-------- Supplied material --------

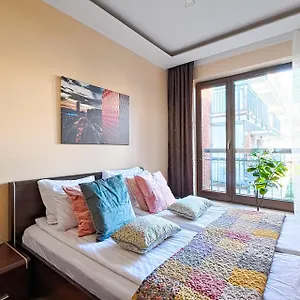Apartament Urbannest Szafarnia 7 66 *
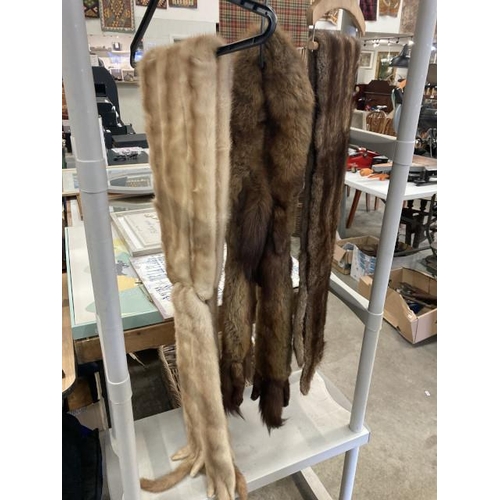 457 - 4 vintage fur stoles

--------
-------- Supplied material --------

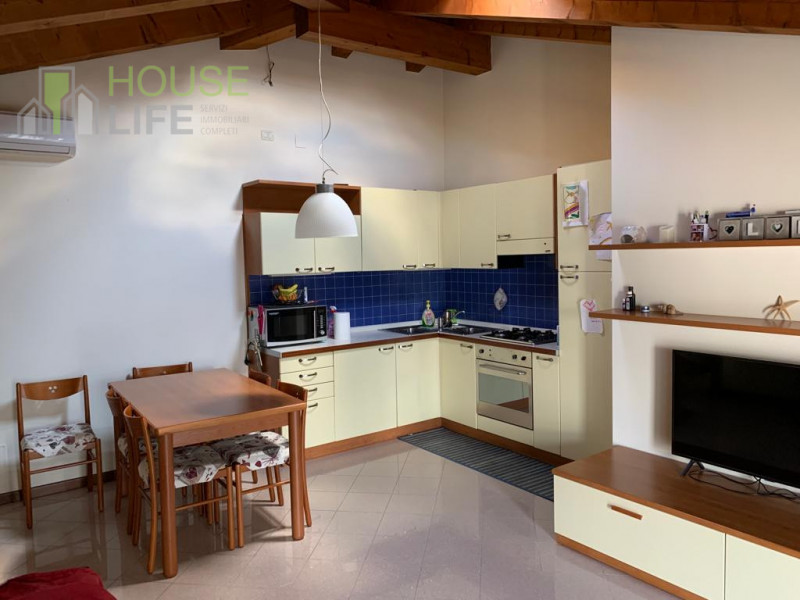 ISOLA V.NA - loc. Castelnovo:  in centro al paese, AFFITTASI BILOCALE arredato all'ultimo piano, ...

--------
-------- Supplied material --------

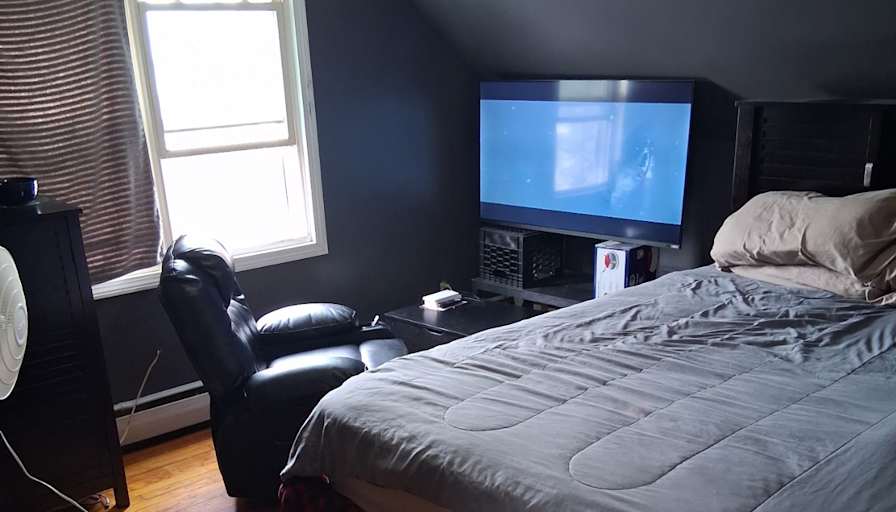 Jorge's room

--------

Task
Reproduce, word for word, everything in the listing above from the line containing "Apartament Urbannest Szafarnia 7 66 *" down to the line containing "457 - 4 vintage fur stoles", both of them included. No pictures.

Response area
Apartament Urbannest Szafarnia 7 66 *
 457 - 4 vintage fur stoles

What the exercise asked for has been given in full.